Build Your Next Web Application with Erlang - yannis
http://weblog.miceda.org/wp-content/uploads/2009/07/build_web_app_erlang.pdf

======
tedunangst
I tried. No, really, I tried. Back when the whole etherpad is dead thing
happened, I spent about a weekend trying to write a clone in Erlang. Erlang
seemed a perfect fit for a comety backend server.

First off, I found info saying that yaws wouldn't work because it has hard
coded timeouts. Then I found erlycomet. But none of the samples worked.

Moving on, I found nitrogen. This was the one true diamond in the rough. It
works, it has real documentation, and it's pretty well designed, at least
according to my one day experience in erlang land.

Side note here that both these projects use mochiweb, which is like the new
hotness apparently. But documentation for mochiweb? Ha, forget about it.

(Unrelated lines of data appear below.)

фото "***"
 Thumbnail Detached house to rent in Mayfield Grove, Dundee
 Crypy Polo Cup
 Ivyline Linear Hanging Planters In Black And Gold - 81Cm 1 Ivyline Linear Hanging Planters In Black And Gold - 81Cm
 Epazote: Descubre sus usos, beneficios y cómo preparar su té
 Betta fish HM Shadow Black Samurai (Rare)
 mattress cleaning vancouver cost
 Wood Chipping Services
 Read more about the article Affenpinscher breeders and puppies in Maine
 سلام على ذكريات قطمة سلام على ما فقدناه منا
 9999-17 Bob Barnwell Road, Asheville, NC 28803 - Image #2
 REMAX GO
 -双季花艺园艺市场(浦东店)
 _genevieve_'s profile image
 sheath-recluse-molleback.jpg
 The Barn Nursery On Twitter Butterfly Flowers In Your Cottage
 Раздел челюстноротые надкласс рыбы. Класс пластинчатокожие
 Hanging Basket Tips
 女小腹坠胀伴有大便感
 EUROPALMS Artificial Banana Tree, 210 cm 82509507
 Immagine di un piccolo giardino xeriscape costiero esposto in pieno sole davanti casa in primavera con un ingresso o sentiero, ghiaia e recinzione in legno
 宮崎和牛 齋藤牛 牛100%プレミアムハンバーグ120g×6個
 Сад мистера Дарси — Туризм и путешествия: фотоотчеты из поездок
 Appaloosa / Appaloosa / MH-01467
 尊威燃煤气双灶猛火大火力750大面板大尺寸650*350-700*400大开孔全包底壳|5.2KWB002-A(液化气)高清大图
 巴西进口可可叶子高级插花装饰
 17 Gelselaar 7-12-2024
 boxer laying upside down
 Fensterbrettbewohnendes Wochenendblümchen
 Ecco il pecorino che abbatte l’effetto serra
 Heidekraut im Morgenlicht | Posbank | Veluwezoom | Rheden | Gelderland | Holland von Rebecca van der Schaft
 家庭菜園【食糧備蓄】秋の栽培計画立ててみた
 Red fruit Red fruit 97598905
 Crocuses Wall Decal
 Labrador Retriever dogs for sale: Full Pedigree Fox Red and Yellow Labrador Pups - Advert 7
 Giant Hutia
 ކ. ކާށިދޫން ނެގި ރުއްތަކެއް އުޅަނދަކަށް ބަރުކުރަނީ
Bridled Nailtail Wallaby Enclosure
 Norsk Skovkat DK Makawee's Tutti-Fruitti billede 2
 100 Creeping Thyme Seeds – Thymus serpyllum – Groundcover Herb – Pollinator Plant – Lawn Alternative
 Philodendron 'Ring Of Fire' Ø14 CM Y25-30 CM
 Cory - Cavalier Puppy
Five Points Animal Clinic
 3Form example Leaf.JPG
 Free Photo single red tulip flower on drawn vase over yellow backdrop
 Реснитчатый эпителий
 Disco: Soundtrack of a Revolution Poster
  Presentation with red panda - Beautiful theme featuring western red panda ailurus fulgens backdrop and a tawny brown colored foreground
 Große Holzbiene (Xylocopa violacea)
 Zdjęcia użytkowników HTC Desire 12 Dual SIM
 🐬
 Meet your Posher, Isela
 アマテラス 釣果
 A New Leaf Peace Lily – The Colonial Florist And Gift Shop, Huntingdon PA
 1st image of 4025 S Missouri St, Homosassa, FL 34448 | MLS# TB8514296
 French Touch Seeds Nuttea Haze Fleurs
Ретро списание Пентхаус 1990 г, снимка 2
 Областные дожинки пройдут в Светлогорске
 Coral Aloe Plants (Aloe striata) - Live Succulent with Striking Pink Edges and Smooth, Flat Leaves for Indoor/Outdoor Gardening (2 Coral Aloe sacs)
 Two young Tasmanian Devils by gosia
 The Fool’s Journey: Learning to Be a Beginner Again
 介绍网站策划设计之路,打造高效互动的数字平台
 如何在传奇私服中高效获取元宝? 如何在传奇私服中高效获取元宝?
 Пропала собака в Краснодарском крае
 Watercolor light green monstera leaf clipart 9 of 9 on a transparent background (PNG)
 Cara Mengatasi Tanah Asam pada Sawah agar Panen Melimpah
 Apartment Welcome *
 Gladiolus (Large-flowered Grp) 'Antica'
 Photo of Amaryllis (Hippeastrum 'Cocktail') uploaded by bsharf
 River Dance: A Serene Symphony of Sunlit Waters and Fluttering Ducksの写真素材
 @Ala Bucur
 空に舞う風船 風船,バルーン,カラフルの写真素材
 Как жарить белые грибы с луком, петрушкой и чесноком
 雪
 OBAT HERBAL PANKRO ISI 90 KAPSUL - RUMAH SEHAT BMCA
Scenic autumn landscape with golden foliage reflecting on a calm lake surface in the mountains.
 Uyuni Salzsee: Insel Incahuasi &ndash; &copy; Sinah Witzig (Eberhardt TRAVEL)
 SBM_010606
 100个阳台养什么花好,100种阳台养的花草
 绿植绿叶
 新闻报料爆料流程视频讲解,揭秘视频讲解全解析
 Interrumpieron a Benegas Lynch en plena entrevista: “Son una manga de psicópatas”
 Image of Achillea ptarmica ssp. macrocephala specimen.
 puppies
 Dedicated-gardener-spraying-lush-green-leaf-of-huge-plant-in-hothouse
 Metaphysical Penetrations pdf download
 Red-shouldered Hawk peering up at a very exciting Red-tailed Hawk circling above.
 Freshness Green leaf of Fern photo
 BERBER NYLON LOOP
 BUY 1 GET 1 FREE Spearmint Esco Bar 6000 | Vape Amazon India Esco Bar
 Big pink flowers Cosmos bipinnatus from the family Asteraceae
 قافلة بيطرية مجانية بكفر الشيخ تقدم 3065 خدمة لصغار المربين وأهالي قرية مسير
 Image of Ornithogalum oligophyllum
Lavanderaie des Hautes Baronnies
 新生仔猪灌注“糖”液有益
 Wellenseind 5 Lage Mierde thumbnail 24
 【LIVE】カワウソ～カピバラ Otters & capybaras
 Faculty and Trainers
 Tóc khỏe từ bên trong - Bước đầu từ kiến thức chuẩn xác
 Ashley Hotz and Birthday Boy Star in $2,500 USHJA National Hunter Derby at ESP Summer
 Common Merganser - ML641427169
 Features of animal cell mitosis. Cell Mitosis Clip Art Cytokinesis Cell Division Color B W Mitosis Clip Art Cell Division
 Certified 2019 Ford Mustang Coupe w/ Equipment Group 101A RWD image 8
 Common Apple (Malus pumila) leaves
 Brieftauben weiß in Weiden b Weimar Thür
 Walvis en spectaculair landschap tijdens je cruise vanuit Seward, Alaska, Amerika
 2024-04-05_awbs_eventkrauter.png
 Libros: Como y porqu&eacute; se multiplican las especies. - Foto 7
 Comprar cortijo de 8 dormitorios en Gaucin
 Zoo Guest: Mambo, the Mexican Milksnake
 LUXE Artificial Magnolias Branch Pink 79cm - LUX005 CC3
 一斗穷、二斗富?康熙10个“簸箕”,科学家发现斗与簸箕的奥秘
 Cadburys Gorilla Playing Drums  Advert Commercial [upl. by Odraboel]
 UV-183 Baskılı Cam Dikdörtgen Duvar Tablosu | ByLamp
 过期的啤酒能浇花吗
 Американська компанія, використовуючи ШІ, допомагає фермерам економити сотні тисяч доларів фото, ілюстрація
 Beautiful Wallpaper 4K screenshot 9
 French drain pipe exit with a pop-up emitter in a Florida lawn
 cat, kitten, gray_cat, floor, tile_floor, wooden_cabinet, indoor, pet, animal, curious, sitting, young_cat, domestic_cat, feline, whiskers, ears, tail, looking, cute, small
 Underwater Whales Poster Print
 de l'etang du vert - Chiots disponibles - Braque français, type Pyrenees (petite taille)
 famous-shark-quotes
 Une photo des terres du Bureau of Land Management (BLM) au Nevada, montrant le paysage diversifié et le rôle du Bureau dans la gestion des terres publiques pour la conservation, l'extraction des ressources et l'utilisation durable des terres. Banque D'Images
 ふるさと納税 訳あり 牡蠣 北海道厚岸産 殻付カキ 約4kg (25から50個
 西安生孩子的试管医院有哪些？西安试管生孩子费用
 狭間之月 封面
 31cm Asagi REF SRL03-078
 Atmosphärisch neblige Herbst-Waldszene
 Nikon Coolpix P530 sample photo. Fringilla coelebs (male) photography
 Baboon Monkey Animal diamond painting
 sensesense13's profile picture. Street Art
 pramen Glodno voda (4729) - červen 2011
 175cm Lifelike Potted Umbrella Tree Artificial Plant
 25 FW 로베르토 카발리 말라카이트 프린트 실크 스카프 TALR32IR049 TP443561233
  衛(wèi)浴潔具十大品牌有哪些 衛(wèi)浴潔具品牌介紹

Once I got the basic page up, I decided to go with couchDB for a backend.
You'd think that with couchdb also being written in erlang, there'd be some
good client libraries, but the situation is pretty much a clusterfuck.
erlang_couchdb was the best I found, except none of the examples in the README
actually worked. And there's not much in the way of documentation. The main
problems stemmed from there being different ideas of what should represent a
document. Some functions used a pattern like {json, { wawawa }} others used a
pattern more like [{json, [wawawa]}] and so on and so forth. The document get
and put operations used different forms! put(get) crashed!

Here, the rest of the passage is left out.